Categories: Blog, Rolling, Pressing RESET, Press RESET, Strength Training, Movement Oct 11, 2022


There are many reasons why it is a great idea to spend time moving on the floor. Spending time on the ground builds familiarity with simply being on the ground, where the ground is not threatening but a comfortable place to be. Spending time on the floor also helps build a body’s strength and mobility. Sure, it’s probably not strength training in the way your mind would imagine, but it’s a deeper, more foundational way of strength training. It builds reflexive strength, mobility, stability, and control. These are the keys to moving well through our day to day lives. 

Again, these are great reasons to spend time on the ground. But another great reason is that exploring movement on the ground builds familiarity with your body’s abilities, and it helps build your body’s options. Notice I used the word “exploring.” Any movement you perform on the ground will have benefits, but there is a difference between performing movement rituals and exploring movement. 

A movement ritual (like exercises with sets and reps) can help you build very efficient movement pathways, and it can make you proficient and strong in those rituals. But movement exploration leads to both discovery and options. When we deliberately explore where we can move, we find out where we can’t move or where we have movement challenges. We also find and learn new ways to move - essentially, we build our options to move. When we have options, well, we have options! The more options we have to move, the better off we are. 

Options lead to health and well-being. Imagine for a moment that you only had one way to go from lying on your back to standing. Then imagine you injure your right leg, and you can no longer stand from a lying position because the one option you had to stand required the right leg. Well, that would suck should you find yourself on your back. But not imagine that you had thirty-seven ways to go from lying on your back to standing with eighteen of those ways not needing the right leg at all. Well, then you could easily stand from a lying position no matter if your right leg was injured or not, so it would be no big deal or burden to find yourself on your back. 

But let’s also imagine that if you did indeed have thirty-seven ways to stand from lying that those ways could have potentially kept you from injuring your leg to start with. Movement options can help keep you healthy and able as life throws things in front of you. Having multiple options to move in and through various positions is like having a broad vocabulary. When you have a large vocabulary, you can communicate ideas with more depth and clarity. When you have a limited vocabulary, you can communicate, but it may be hard to convey exactly what you want to convey, or worse, it may be hard to understand what someone else is trying to convey. Similarly, having a wide range of movement options allows you to discover more depth in your own body, and it allows you to navigate through life much easier with grace and fluidity physically. 

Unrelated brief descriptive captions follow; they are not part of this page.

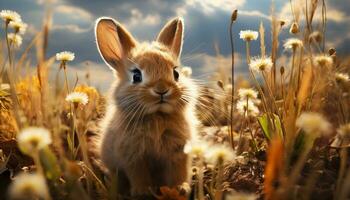 linda bebé Conejo sentado en prado, disfrutando naturaleza generado por ai foto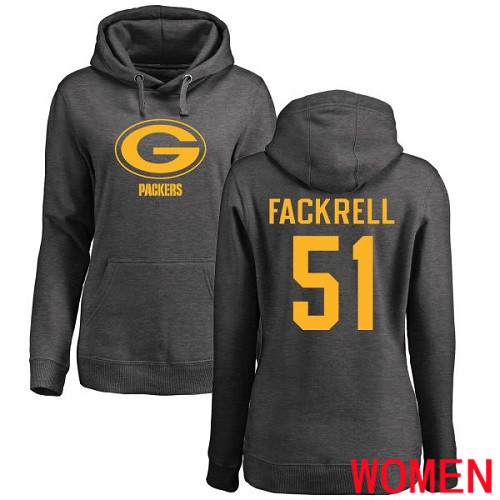 Green Bay Packers Ash Women #51 Fackrell Kyler One Color Nike NFL Pullover Hoodie Sweatshirts->nfl t-shirts->Sports Accessory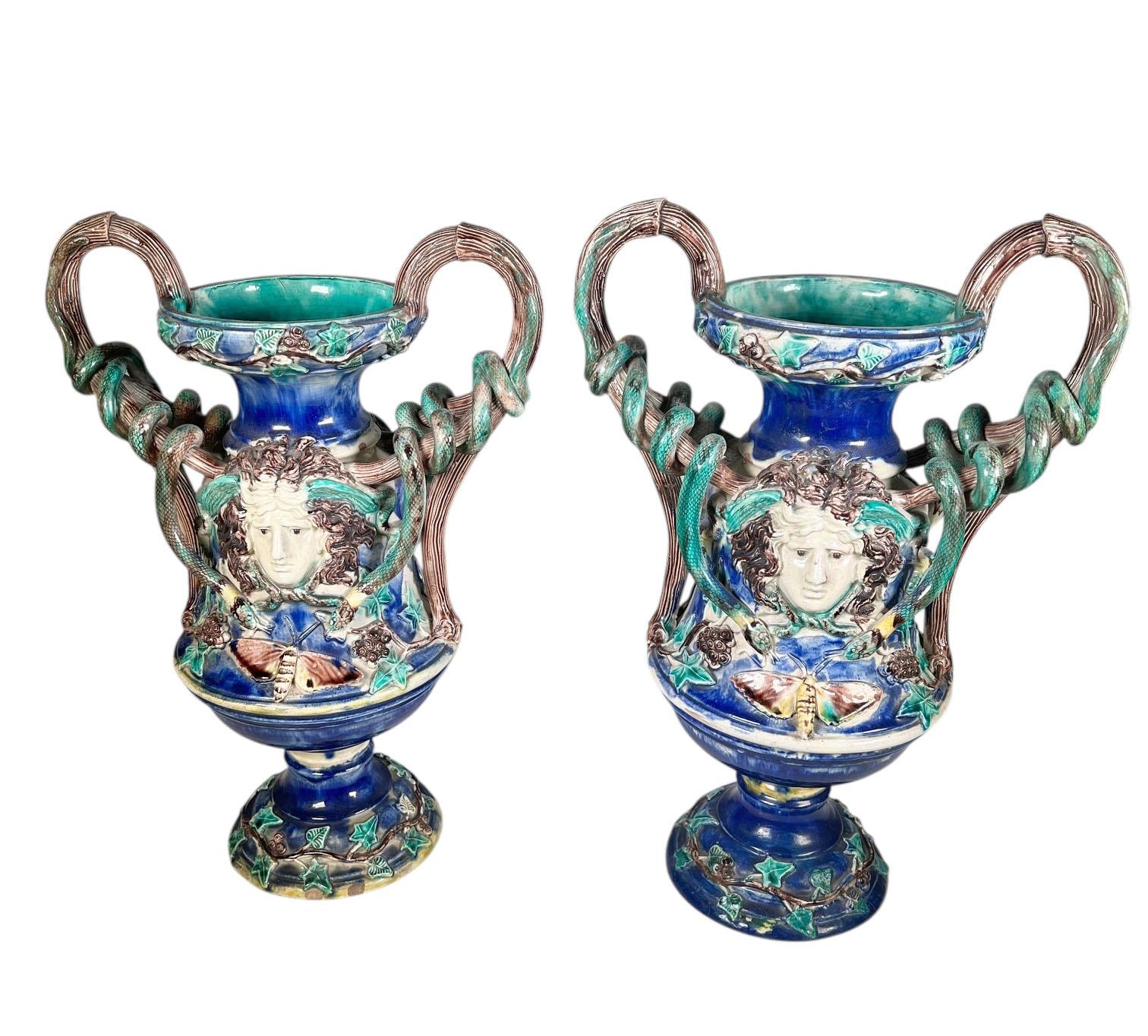 19th Century Majolica Palissy Vases For Sale 4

Options keep you healthy. Deliberately exploring where you can move on a regular basis helps you to keep your movement options open, and it allows you to find joy through movement. Exploration is the key. Movement rituals have merit, but they don’t allow for discovery, and they can actually put you in a “movement box” if you are only checking boxes with your movement rituals. 

So do both. 

Perform your movement rituals if you have them, AND spend time on the floor exploring where you can move on a regular basis. This can give you the best of both worlds - the world you think you need and the world you really want; a world with options.

If you don’t know where to start, just pick two days a week and set aside ten to twenty minutes to just roll on the floor. Roll everywhere you can. Be curious. Roll slow. Roll fast. Use your limbs. Use your eyes. Imagine you don’t have bones. Imagine you are made of liquid. Explore. 

Try that for four weeks. Discover how amazing rolling can be, and discover all the ways your body can move. 

Then, if you enjoyed that, start exploring all the different ways you stand up from lying on the floor. Or, explore all the different ways you can lie down from a standing position. Just take two days or so for 10 minutes at a time and learn where you can move and build your options. 

Whatever you do, keep your options open and move.